**AIM OF THE EXERCISE:** Within the records below, find the line with "Used 2019 GMC" and the line with "Machenka1 live female cam on bongacams", then reproduce exactly those two lines and all lines between them, without any picture.

Stored items

*** Begin section ***

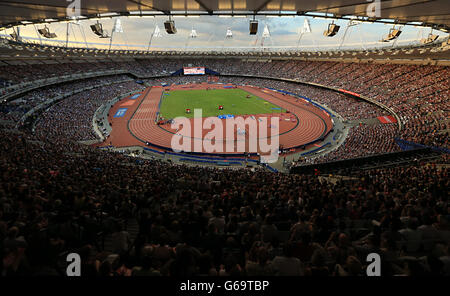 Ein allgemeiner Blick auf das Olympiastadion am ersten Tag des IAAF London Diamond League-Treffens im Olympiastadion, London. DRÜCKEN Sie VERBANDSFOTO. Bilddatum: Freitag, 26. Juli 2013. Bildnachweis sollte lauten: Mike Egerton/PA Wire Stockfoto
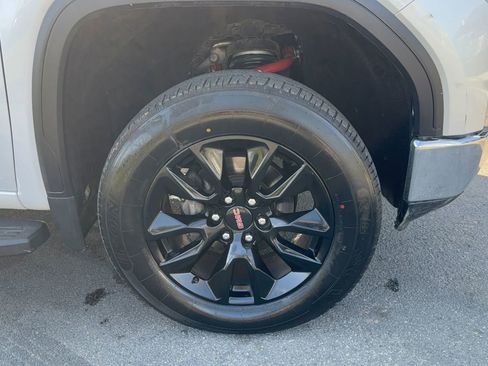 Used 2019 GMC Sierra 1500 SLT w/ SLT Premium Plus Package AWD/4WD image 12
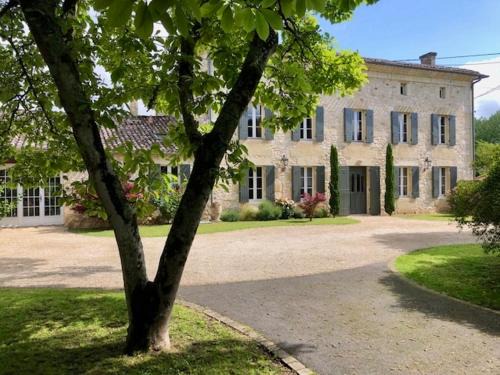 Saint-Seurin-de-Prats Bed & Breakfast | Domaine des Monges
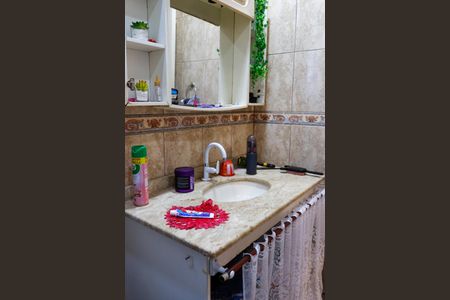 Casa à venda com 125m², 3 quartos e 2 vagasBanheiro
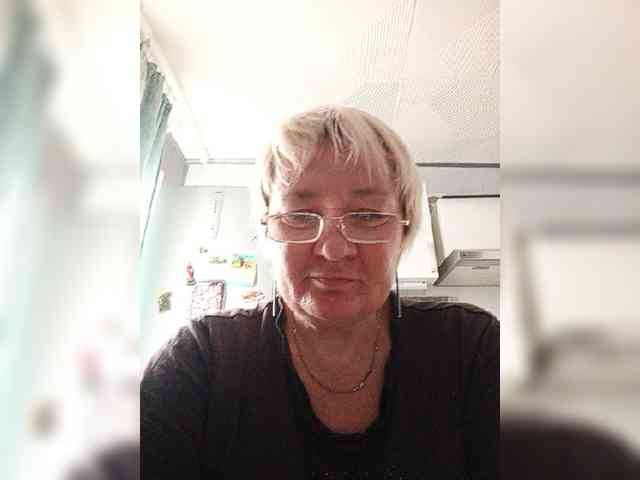 Machenka1 live female cam on bongacams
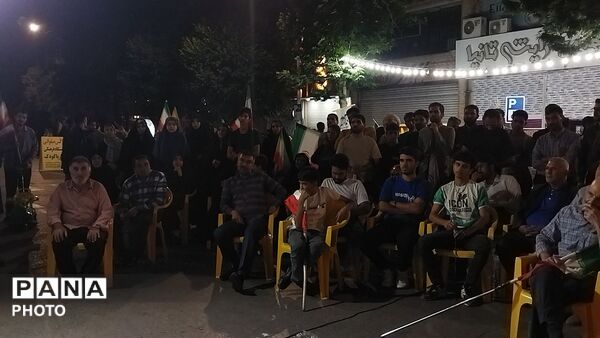 کافه گفتگوی حسینیه امام در هشتاد و هفتمین شب از اجتماعات مردمی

*** End section ***

**RESPONSE TO THE EXERCISE:**
 Used 2019 GMC Sierra 1500 SLT w/ SLT Premium Plus Package AWD/4WD image 12
 Saint-Seurin-de-Prats Bed & Breakfast | Domaine des Monges
 Casa à venda com 125m², 3 quartos e 2 vagasBanheiro
 Machenka1 live female cam on bongacams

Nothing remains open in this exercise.